US Weekly Export Sales
Corn sales took center stage this week with old-crop sales coming in at 22 million bushels, and topping the high end of expectations.
New-crop corn sales came in at 224 million bushels, thanks mainly to China and previously-announced sales.
Wheat sales were dismal; poor old-crop is not surprising but new-crop sales are far from exciting.
Soybean sales were routine with most of the buyers shopping in Brazil and Argentina for now, but we still are getting some traction with 11 million bushels sold this week, old and new crop combined.
Upland cotton sales of 171,200 running bales were up 59% from the previous week and significantly above the 4-week average.
FBN’s Take On What It Means: USDA’s old crop export projections assume China ships the majority of remaining old crop sales on the books, which is supported by the lack of cancellations. New crop commitments of both corn and beans are significantly ahead of last year due to China’s purchases. Solid demand for US grains in the world market can be expected to support prices into the summer.
HRW Quality At Risk
Recent rainfall has helped immature wheat in Kansas and neighboring areas while raising some concern over the more advanced crops in the south.

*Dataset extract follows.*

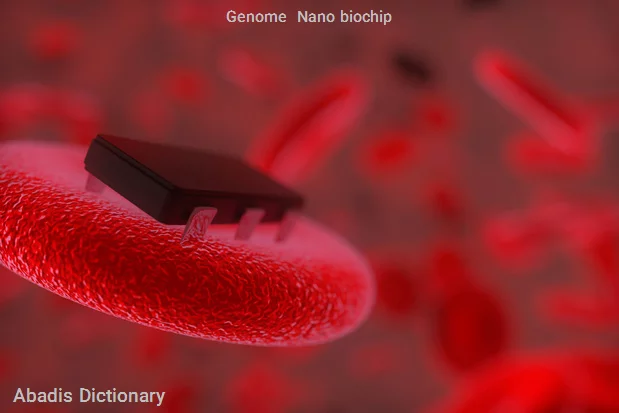 genome nano biochip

Frequent rain is forecast to fall across the central and southern Plains over the coming week to ten days.
Temperatures are expected to be a little cooler than normal, but warm enough to support crop development.
Too much rain, too frequently can change a good production environment to one of concern due to excessive moisture while crops are trying to mature.
Late-season conditions have so far remained mostly steady for much of the hard red winter wheat in the central and southern Plains.
The Wheat Quality Council Kansas hard winter wheat tour last week saw record crop potential, but noted concern about stripe rust occurrence.
FBN’s Take On What It Means: The timing of the rain can affect the quality of the wheat. Drier weather will soon be needed to protect production against the disease pressure and potential loss of grain quality due to recurring rain prior to and during harvesting. Conditions will likely remain favorable for much of the central Plains, but the concern will be higher for maturing crops in Texas and Oklahoma where the most significant rain is expected.